RECORDS FOR THE EXERCISE =>

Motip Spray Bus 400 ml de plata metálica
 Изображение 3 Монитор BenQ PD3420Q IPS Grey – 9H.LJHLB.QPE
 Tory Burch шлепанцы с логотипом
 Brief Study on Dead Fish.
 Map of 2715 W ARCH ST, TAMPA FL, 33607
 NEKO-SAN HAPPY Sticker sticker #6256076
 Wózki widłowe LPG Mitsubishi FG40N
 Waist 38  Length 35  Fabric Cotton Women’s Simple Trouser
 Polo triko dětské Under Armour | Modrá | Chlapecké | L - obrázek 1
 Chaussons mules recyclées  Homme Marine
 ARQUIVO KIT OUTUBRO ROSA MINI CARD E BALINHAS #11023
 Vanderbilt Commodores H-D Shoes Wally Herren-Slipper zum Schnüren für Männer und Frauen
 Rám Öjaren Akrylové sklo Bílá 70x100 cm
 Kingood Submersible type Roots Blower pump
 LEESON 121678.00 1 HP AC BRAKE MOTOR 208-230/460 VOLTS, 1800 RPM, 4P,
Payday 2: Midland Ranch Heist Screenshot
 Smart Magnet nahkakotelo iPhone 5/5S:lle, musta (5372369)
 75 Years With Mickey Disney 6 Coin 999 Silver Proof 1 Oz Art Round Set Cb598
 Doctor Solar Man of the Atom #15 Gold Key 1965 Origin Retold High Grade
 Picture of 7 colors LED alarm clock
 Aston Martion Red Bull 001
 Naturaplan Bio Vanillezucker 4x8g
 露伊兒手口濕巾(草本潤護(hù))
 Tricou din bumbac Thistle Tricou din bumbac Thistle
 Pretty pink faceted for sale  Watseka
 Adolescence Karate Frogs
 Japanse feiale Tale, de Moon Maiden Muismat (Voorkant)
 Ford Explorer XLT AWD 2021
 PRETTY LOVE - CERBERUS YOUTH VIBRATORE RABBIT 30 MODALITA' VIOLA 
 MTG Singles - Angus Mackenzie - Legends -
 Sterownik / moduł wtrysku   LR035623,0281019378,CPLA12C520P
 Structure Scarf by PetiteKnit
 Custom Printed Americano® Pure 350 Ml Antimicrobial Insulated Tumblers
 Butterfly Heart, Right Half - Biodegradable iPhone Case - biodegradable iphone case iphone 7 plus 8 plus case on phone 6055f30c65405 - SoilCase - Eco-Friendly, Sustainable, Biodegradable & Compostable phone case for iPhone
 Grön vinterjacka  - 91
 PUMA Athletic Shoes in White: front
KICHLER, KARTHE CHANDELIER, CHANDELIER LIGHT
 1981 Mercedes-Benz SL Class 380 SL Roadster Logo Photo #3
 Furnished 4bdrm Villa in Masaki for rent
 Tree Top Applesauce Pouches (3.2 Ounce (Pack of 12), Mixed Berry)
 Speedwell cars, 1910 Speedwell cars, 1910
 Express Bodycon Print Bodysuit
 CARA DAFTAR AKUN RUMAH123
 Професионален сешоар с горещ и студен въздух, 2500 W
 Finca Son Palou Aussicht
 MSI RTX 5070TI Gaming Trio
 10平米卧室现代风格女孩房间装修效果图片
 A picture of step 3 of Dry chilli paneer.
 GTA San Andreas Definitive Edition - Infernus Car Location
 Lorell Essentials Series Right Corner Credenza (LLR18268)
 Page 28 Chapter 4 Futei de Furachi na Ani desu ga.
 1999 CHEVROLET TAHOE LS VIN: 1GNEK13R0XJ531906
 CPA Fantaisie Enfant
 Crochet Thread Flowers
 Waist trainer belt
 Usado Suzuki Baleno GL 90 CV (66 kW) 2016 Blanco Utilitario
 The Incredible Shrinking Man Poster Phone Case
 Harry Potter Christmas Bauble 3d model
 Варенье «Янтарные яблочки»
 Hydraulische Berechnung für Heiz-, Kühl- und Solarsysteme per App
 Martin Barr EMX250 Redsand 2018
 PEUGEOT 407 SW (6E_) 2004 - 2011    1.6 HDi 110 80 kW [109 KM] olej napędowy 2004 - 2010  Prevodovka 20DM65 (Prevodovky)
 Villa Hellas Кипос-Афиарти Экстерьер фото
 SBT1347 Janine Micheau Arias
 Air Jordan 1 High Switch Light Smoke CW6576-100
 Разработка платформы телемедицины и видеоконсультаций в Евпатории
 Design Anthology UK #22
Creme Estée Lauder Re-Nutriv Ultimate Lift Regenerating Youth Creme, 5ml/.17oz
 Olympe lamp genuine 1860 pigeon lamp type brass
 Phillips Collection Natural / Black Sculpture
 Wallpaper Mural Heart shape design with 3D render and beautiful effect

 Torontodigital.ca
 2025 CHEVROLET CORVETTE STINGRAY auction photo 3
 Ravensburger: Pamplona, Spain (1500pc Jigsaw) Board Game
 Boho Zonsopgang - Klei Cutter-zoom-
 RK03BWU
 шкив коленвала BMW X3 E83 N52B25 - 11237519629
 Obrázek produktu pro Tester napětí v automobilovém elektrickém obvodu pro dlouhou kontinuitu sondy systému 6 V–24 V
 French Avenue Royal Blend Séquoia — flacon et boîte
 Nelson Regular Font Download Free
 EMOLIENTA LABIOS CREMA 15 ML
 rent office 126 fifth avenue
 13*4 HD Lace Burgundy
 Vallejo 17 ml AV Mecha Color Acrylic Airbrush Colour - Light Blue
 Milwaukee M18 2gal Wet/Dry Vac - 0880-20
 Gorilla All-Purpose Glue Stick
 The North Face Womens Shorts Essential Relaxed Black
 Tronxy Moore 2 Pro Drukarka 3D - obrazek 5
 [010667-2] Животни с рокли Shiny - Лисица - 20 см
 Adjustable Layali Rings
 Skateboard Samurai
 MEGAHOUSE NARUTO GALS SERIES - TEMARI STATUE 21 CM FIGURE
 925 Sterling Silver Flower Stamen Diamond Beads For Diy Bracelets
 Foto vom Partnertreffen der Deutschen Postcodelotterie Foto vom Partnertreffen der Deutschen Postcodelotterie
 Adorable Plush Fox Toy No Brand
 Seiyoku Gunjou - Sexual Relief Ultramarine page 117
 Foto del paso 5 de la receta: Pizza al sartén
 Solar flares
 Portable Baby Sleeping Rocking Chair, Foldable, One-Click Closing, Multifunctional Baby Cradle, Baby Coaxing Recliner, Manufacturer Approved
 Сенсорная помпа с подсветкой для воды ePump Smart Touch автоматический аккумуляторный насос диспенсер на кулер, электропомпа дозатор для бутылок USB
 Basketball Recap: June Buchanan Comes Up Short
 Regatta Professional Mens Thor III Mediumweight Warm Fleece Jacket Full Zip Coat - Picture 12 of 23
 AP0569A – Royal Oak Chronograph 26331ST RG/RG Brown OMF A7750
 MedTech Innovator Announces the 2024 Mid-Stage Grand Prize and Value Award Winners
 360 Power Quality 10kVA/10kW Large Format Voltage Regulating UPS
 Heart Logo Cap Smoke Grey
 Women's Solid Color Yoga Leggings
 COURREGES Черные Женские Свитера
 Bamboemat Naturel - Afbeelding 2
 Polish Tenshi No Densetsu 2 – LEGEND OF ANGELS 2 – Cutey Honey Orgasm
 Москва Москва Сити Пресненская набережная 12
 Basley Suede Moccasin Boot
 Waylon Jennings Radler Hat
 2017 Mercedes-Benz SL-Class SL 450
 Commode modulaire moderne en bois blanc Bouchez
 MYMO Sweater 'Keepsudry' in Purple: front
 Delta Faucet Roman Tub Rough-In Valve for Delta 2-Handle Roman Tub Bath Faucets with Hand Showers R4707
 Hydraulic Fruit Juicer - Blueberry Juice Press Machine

PROBLEM TO WORK ON => In the listing above, find the line with "Wózki widłowe LPG Mitsubishi FG40N" and the line with "Smart Magnet nahkakotelo"; set down exactly those two lines and every line between them, nothing more.

REPLY =>
 Wózki widłowe LPG Mitsubishi FG40N
 Waist 38  Length 35  Fabric Cotton Women’s Simple Trouser
 Polo triko dětské Under Armour | Modrá | Chlapecké | L - obrázek 1
 Chaussons mules recyclées  Homme Marine
 ARQUIVO KIT OUTUBRO ROSA MINI CARD E BALINHAS #11023
 Vanderbilt Commodores H-D Shoes Wally Herren-Slipper zum Schnüren für Männer und Frauen
 Rám Öjaren Akrylové sklo Bílá 70x100 cm
 Kingood Submersible type Roots Blower pump
 LEESON 121678.00 1 HP AC BRAKE MOTOR 208-230/460 VOLTS, 1800 RPM, 4P,
Payday 2: Midland Ranch Heist Screenshot
 Smart Magnet nahkakotelo iPhone 5/5S:lle, musta (5372369)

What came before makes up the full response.